- **EXERCISE**
Beginning with the first line of the data below, extract each line up to and including the one containing "Grand Cascade The Business Hotel". Copy them exactly and add nothing.

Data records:
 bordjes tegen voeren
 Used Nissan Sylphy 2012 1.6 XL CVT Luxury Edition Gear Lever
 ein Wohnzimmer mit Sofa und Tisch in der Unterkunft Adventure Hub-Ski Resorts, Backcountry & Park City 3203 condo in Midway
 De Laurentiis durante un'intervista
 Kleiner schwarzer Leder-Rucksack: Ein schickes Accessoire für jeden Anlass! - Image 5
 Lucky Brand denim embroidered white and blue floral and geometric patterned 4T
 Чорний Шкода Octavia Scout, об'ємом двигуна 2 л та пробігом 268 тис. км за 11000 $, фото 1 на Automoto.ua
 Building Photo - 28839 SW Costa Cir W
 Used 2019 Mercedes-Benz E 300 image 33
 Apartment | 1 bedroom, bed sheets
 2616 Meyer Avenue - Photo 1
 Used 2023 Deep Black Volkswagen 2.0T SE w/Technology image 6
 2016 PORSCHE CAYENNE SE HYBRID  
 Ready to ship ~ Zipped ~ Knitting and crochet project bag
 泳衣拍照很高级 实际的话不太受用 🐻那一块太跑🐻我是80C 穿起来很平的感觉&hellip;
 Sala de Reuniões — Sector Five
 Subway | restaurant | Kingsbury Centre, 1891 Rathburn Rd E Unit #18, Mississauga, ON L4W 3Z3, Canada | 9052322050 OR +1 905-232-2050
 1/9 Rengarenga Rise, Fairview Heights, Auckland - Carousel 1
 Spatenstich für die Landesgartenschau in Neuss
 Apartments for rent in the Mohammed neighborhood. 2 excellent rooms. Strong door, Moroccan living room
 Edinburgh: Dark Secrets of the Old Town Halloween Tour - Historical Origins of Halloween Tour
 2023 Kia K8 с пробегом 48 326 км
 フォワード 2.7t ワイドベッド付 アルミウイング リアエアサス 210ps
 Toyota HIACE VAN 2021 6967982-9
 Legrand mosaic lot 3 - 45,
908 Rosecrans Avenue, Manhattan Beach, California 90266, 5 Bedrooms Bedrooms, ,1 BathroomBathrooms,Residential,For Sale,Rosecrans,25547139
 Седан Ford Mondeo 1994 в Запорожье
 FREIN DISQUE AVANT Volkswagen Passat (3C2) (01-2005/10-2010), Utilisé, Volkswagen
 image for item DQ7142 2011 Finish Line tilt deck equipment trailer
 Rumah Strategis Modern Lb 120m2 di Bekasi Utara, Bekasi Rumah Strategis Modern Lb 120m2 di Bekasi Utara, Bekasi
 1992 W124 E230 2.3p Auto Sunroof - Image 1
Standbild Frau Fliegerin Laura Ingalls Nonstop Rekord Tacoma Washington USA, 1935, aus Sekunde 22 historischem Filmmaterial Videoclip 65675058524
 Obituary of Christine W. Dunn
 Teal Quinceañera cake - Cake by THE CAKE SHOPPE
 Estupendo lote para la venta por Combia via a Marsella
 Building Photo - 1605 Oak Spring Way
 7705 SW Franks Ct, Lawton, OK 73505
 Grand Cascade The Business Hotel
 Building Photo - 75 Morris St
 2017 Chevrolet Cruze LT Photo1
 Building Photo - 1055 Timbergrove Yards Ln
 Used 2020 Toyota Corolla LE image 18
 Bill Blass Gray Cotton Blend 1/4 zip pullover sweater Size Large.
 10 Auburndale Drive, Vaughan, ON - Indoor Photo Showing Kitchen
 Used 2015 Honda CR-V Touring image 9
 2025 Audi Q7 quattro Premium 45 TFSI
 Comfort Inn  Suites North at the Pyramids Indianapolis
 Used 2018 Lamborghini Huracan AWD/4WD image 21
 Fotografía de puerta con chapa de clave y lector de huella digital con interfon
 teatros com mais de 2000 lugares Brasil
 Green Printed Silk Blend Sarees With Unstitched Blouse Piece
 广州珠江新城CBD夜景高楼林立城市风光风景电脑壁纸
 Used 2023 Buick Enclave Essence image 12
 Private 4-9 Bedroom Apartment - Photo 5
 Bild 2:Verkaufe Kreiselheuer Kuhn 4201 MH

- **SOLVED EXERCISE**
 bordjes tegen voeren
 Used Nissan Sylphy 2012 1.6 XL CVT Luxury Edition Gear Lever
 ein Wohnzimmer mit Sofa und Tisch in der Unterkunft Adventure Hub-Ski Resorts, Backcountry & Park City 3203 condo in Midway
 De Laurentiis durante un'intervista
 Kleiner schwarzer Leder-Rucksack: Ein schickes Accessoire für jeden Anlass! - Image 5
 Lucky Brand denim embroidered white and blue floral and geometric patterned 4T
 Чорний Шкода Octavia Scout, об'ємом двигуна 2 л та пробігом 268 тис. км за 11000 $, фото 1 на Automoto.ua
 Building Photo - 28839 SW Costa Cir W
 Used 2019 Mercedes-Benz E 300 image 33
 Apartment | 1 bedroom, bed sheets
 2616 Meyer Avenue - Photo 1
 Used 2023 Deep Black Volkswagen 2.0T SE w/Technology image 6
 2016 PORSCHE CAYENNE SE HYBRID  
 Ready to ship ~ Zipped ~ Knitting and crochet project bag
 泳衣拍照很高级 实际的话不太受用 🐻那一块太跑🐻我是80C 穿起来很平的感觉&hellip;
 Sala de Reuniões — Sector Five
 Subway | restaurant | Kingsbury Centre, 1891 Rathburn Rd E Unit #18, Mississauga, ON L4W 3Z3, Canada | 9052322050 OR +1 905-232-2050
 1/9 Rengarenga Rise, Fairview Heights, Auckland - Carousel 1
 Spatenstich für die Landesgartenschau in Neuss
 Apartments for rent in the Mohammed neighborhood. 2 excellent rooms. Strong door, Moroccan living room
 Edinburgh: Dark Secrets of the Old Town Halloween Tour - Historical Origins of Halloween Tour
 2023 Kia K8 с пробегом 48 326 км
 フォワード 2.7t ワイドベッド付 アルミウイング リアエアサス 210ps
 Toyota HIACE VAN 2021 6967982-9
 Legrand mosaic lot 3 - 45,
908 Rosecrans Avenue, Manhattan Beach, California 90266, 5 Bedrooms Bedrooms, ,1 BathroomBathrooms,Residential,For Sale,Rosecrans,25547139
 Седан Ford Mondeo 1994 в Запорожье
 FREIN DISQUE AVANT Volkswagen Passat (3C2) (01-2005/10-2010), Utilisé, Volkswagen
 image for item DQ7142 2011 Finish Line tilt deck equipment trailer
 Rumah Strategis Modern Lb 120m2 di Bekasi Utara, Bekasi Rumah Strategis Modern Lb 120m2 di Bekasi Utara, Bekasi
 1992 W124 E230 2.3p Auto Sunroof - Image 1
Standbild Frau Fliegerin Laura Ingalls Nonstop Rekord Tacoma Washington USA, 1935, aus Sekunde 22 historischem Filmmaterial Videoclip 65675058524
 Obituary of Christine W. Dunn
 Teal Quinceañera cake - Cake by THE CAKE SHOPPE
 Estupendo lote para la venta por Combia via a Marsella
 Building Photo - 1605 Oak Spring Way
 7705 SW Franks Ct, Lawton, OK 73505
 Grand Cascade The Business Hotel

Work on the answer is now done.